O setor aquícola calcula que a medida poderá comprometer a rentabilidade e a competitividade do peixe mais produzido no país. Levantamento da Associação Brasileira da Piscicultura (Peixe BR) projeta perdas superiores a US$ 38 milhões por ano e redução de até 90 % das exportações brasileiras de tilápia.
Os Estados Unidos concentram cerca de 85 % das vendas externas do produto, gerando perto de US$ 35 milhões anuais. A entidade teme que a classificação seja vista no exterior como reconhecimento oficial de risco ambiental, abrindo espaço para barreiras sanitárias e comerciais, à semelhança do que ocorreu em 2010, quando os EUA rotularam a carpa asiática como invasora e as exportações chinesas da espécie despencaram 97 % em um ano.
Impacto em outras cadeias
A Peixe BR alerta para efeito cascata sobre toda a aquicultura. Auditorias adicionais e exigências sanitárias mais rígidas poderiam gerar perdas de aproximadamente US$ 64 milhões anuais, atingindo inclusive espécies nativas como tambaqui e pintado. A classificação também colocaria em risco certificações internacionais como BAP, ASC e Global G.A.P., fundamentais para o acesso a mercados premium.
Setor florestal vê insegurança jurídica
Empresas ligadas ao cultivo de pinus, eucalipto e acácia manifestam preocupação semelhante. Segundo o diretor-executivo da Associação Paranaense de Empresas de Base Florestal (APRE Florestas), Ailson Loper, as espécies sustentam cadeias produtivas há décadas e geram milhares de empregos. Pesquisadores do Instituto de Pesquisas e Estudos Florestais (Ipef) apresentaram estudos indicando barreiras ecológicas naturais que limitariam a dispersão dessas árvores.

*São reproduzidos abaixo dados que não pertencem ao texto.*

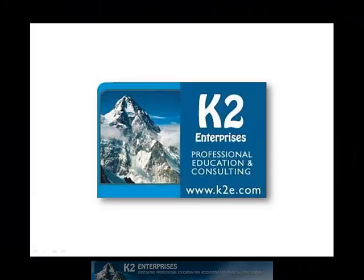On behalf of everyone at K2 Enterprises, thanks for taking time to watch this video tip. For more information on the training courses we offer, please visit our website at www.k2e.com.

Câmara aprova consulta prévia ao setor produtivo
Na semana passada, a Câmara dos Deputados aprovou o Projeto de Lei 5.900/2025, que obriga manifestação técnica prévia dos ministérios responsáveis por agricultura, pecuária, pesca, aquicultura e florestas plantadas antes da edição de atos que alterem regras de produção ou manejo de espécies utilizadas economicamente. O texto, de autoria do deputado Pedro Lupion (Republicanos-PR), segue para análise do Senado.
Governo nega intenção de banir cultivo
O Ministério do Meio Ambiente e Mudança do Clima (MMA) afirma que o reconhecimento de espécies exóticas invasoras tem caráter técnico e preventivo, sem implicar proibição de uso ou cultivo. Em audiência no Senado, o ministro João Paulo Capobianco argumentou que discutir o tema é dever legal da União para proteger ecossistemas e que a proposta relativa à tilápia tramita desde 2006. Segundo ele, o peixe africano é generalista e competitivo frente a espécies nativas, mas não há plano de erradicação nem de restrição à produção.
A reunião da Conabio ocorrerá de forma híbrida em Brasília. Caso a resolução seja aprovada, passará a orientar políticas de prevenção e controle de espécies exóticas no país.